You seemed to have forgotten something. Honda is a Japanese company and even though the commercial was made for the American audience with American-looking people, the actual concept for the commercial started in Japan. So, if you are looking for an America to believe in, a Honda commercial shouldn't be where you should be banking all your hopes on.

Now, the Argentina banking commercial with an openly trans person in it had no ambiguities . . . not like this commercial. If the two men hold hands in the next Honda commercial, then I might believe this one. Until then, it belongs in a section of Disneyland.

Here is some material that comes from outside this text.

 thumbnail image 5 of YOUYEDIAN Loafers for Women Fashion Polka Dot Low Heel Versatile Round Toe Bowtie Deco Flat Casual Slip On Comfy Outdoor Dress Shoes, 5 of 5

Philip Madruga | April 9, 2009 5:50 PM

Commercials are expensive and densely plotted, especially in that time slot where you saw it, Sara. When a company pays for national exposure, every second is thought-out carefully and crafted to deliver a precise message. Nothing is "accidental". After looking at the ad for the six or seventh (8th, 9th, 10th) time I noticed three things:

1.) The imagery for the two families is EXACTLY the same: One adult, then a second adult appears from 'within' the first, and then a child becomes part of the family from 'within' the adults. This deliberately says they are both families, to me;

2.) These images are SIMULTANEOUS: each additional person in each family appears at the same time, to me clearly implying a parallel or identity of the situations. Once again, equal relationship is implied;

3.) Nobody has mentioned the MUSIC: As important as the imagery in a commercial is the audio content. When the imputed families are shown, the words to the song are, "...I'm feeling part of everything...' Arguably, I may be strectching this part, but I take the implication that these people are also "part of" each other. The lyrics for the rest of the ad fit the actions onscreen precisely, so I believe that that image during those lyrics is also significant.

Hooray for your son, Sara! He makes me hopeful for our future.